Matching the data to the predictions

The results are in. And one prediction held up and the other fell flat.

First the falling flat:

As you can see from the top two plots, the highest and second highest scores tended to come in the first inning, not later in the game. In fact, there's a strong drop at the end, suggesting that relief pitchers do help keep the score down.

I conclude that the high score doesn't come when the pitcher gets tired. I was wrong. In fact, it looks more like the pitcher isn't quite in the game yet, or the team hasn't gotten synchronized for play yet.

Now let's look at the second-highest score distributions, to see what we can see.

The distributions of highest and second-highest are roughly similar, except that the second-highest inning's score is less than half that of the highest inning's score, on the average. And the reduced score distribution for 7 innings (the extra inning games are a small effect here and I ignore the correction) looks much more Poisonnian, dropping by about a factor of 2 each time. That's on the lower right: compare with the 8-inning reduced score on the lower left.

I used the 7-inning reduced score distribution to predict the highest and second-highest innings' scores, and those are in the bottom row of the figure below. Recall that when you are looking at the highest score of a list, 0 is not as likely as higher values. And they have the same general shape as the real distributions above, but with much smaller averages.
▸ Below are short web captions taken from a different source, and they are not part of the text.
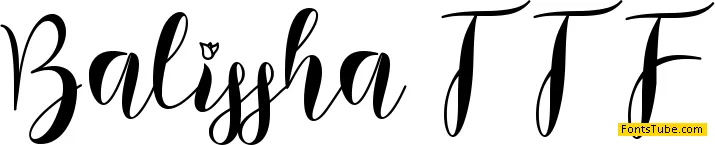 Balissha Font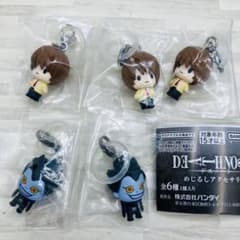금*님 DEATH NOTE 메지루시 액세서리 5개 세트 데스노트가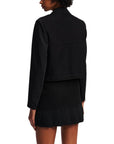 Karl Lagerfeld Utility Blazer - Black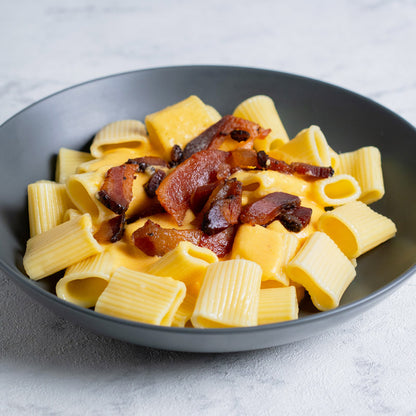 Mac & Cheese con guanciale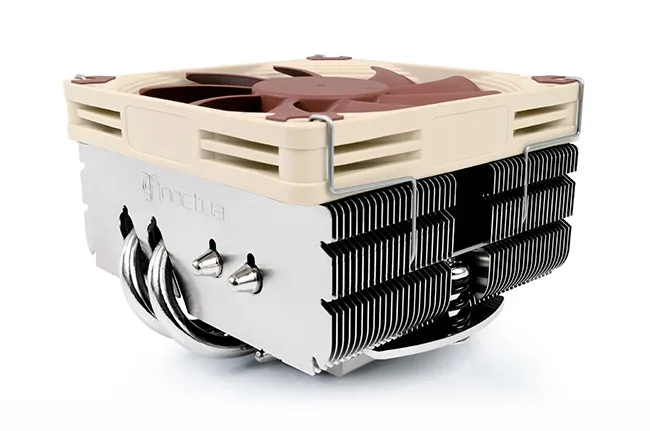 Noctua NH-L9X65 SE-AM4 процессорные кулеры AMD AM4 вентиляторы охлаждающий вентилятор содержит тепловые составные кулеры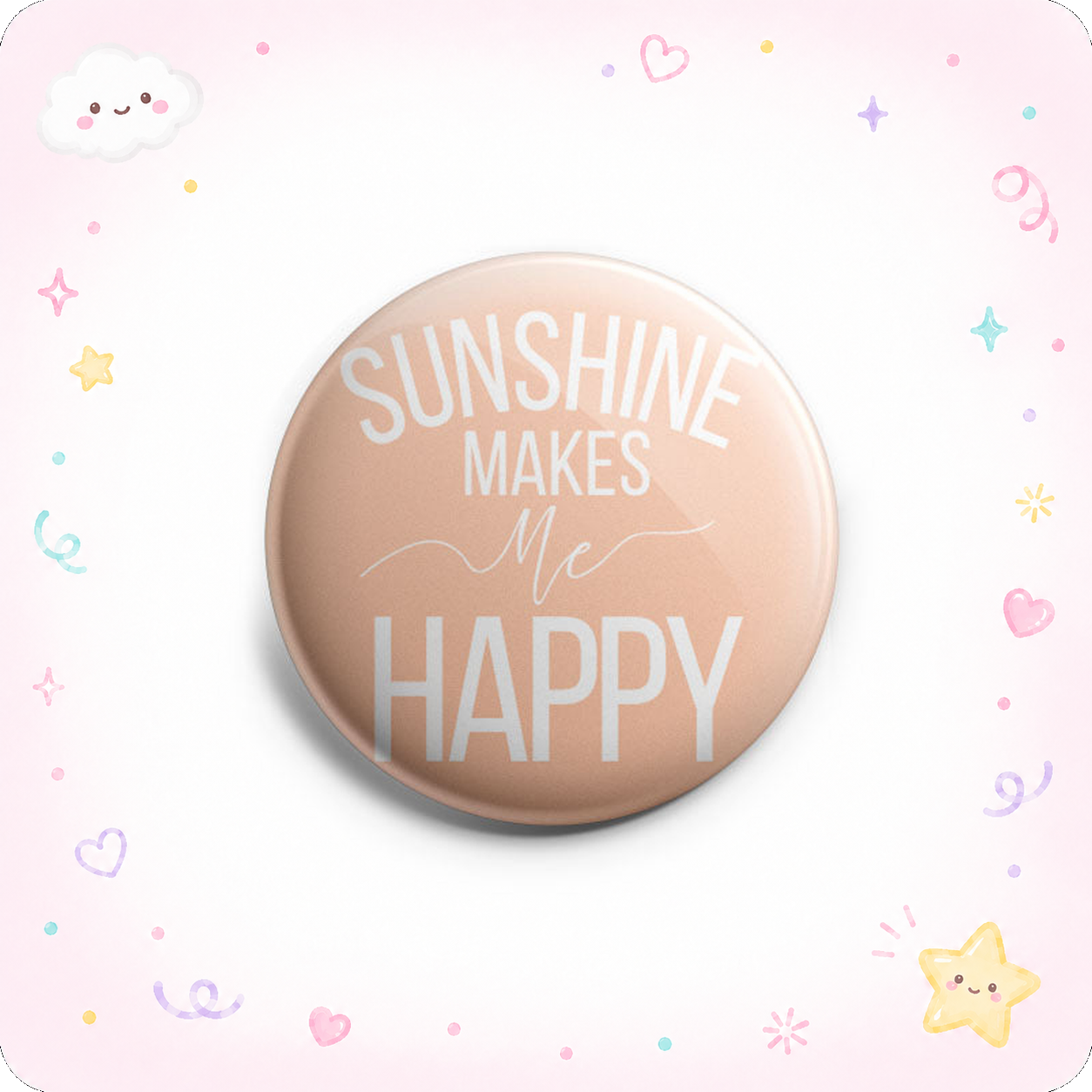 Sunshine Happy Topper - - Topperswap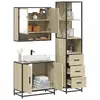 Мебель для ванной VidaXL 3301156 Photo 2
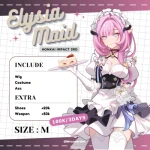 Elysia Maid Honkai Impact 3rd
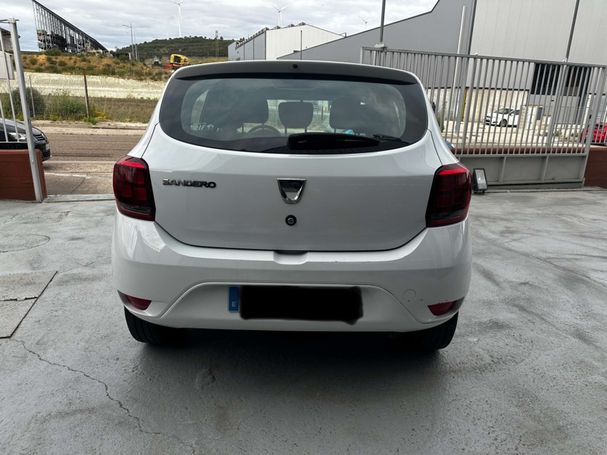 Dacia Sandero Stepway Essential 55 kW image number 17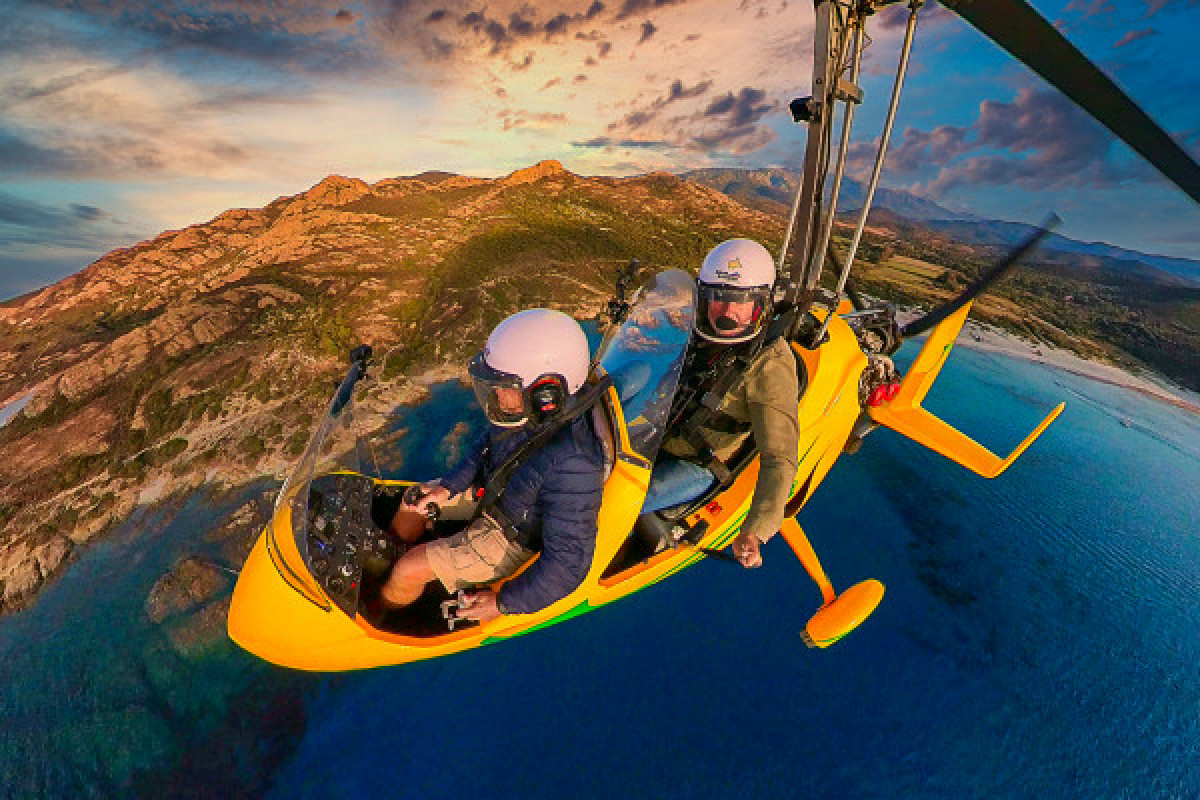 Vol d'Initiation (devenez pilote) - Bonjour Fun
The average real highest inning's score is 2.3 but the estimate's is 0.7, and the average real second highest inning's score is 1.1 but the estimate's is 0.5.

What can I conclude from this?

The highest inning's score is in substantial disagreement with the estimate. So is the second-highest inning's score, though the real distribution could be a combination of the background estimate and something else.

  1. The first inning is the problematic one: either the team isn't together or the pitcher isn't.
  2. The distribution of scores in the highest scoring inning is not attributable to chance. Something is different during that inning
  3. The second-highest scoring inning is partly like the highest-scoring inning and partly like chance.
  4. The distributions don't look much different between home team and visiting team


Grandma Bee said...

And this is one of the things I love about baseball--it defies formula. You can compute the arc and the distance of a fly ball but not whether the outfielder will catch it or lose it in the sun. In baseball, all constants are variables.

Assistant Village Idiot said...

Very cool.

The statement is usually that the pitcher "doesn't have it" that day, implication being he wouldn't improve if he stayed in. Your suggestion that some acclimitasation to the game may be harder than it appears at first seems more sound.

However, the first inning is also the one in which the highest OBP hitters are guaranteed to come up. That doesn't look like it would explain even half your difference, but it might be 25%, from a seat-of-the-pants estimate looking at your stuff.

james said...


The second-highest scoring inning is more than twice as likely to come immediately after the first-highest as any other time. Maybe that's the fruition of the offensive lineup strategy, or maybe the team/pitcher goes into a temporary slump.